Computer science professor is using AI to help endangered languages be heard

Body

There are more than 6,000 languages spoken in the world, and almost half of them are endangered. George Mason University researcher Antonios Anastasopoulos is working to keep those endangered languages alive and has built a Natural Language Processing (NLP) group at the university devoted to this work. 

The recent recipient of a $599,956 CAREER Award from the National Science Foundation and a $300,000 Small Business Innovation Research (SBIR) Award from Barron Associates, Anastasopoulos is building automatic translation tools for under-served populations, including speakers of certain Indo-Pacific languages that don’t have access to language technologies.  

He is also a collaborating senior researcher at Greece’s Archimedes AI Research Center, a hub connecting the global AI and data science research community.  

Anastasopoulos began his work with languages when he visited local communities to record endangered dialects as an undergraduate student in his native Greece. “What makes a language endangered is when it stops getting passed down across the generations,” said Anastasopoulos, an assistant professor in George Mason’s Department of Computer Science. 

Antonios Anastasopolous (left), Indigenous Huilliche activist Marite Perez, and UC Boulder Professor Alexis Palmer in Chile.

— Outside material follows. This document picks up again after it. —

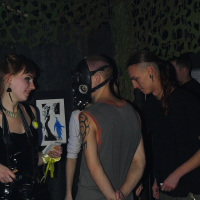 A group of four people are seen interacting in a dimly lit room with dark walls and camouflage netting in the background, reminiscent of an Elektra '09 Halloween party. One person wears a sleeveless shirt and a gas mask, while another has long hair pulled back and wears a black shirt. A woman dressed in a shiny black outfit holds a framed picture.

Photo provided.

“I created databases for a small Greek dialect that’s spoken in South Italy called Griko. I built that small tool for this one community, but there are thousands of similar communities all over the world that speak languages that are completely neglected. They have no institutional support, so my work feels very meaningful,” said Anastasopoulos.   

Every language lies in a continuum, and no matter how small the language is, you will find variations, explained Anastasopoulos. If a system is built that has only seen data from one variety of a language, it will perform worse for variations that the model has never seen.  

“I just kept building on this concept, which is how I ended up developing this whole research program here at George Mason. The real motivation behind my work is that it's just something that simply needs to get done,” he said.  

Endangered languages are very common in places such as Latin America, explained Anastasopoulos, where the government and socially powerful class often speak Spanish or Portuguese, to the exclusion of hundreds of Indigenous language communities. These Indigenous peoples still have to participate in society, so their unique languages eventually become moribund.   

“For example, I had some folks from an Indigenous community in Chile contact me and inquire about my work. The Mapuche had, historically, resisted Spanish conquest, and they reached out asking for guidance in building AI tools to help with the instruction and preservation of their language, Mapuzugun,” said Anastasopoulos.  

Fahim Faisal, a PhD candidate in the Department of Computer Science who works with Anastasopoulos as part of George Mason’s Natural Language Processing (NLP) group, has experienced the limitations modern technology can have on cultural dialects.  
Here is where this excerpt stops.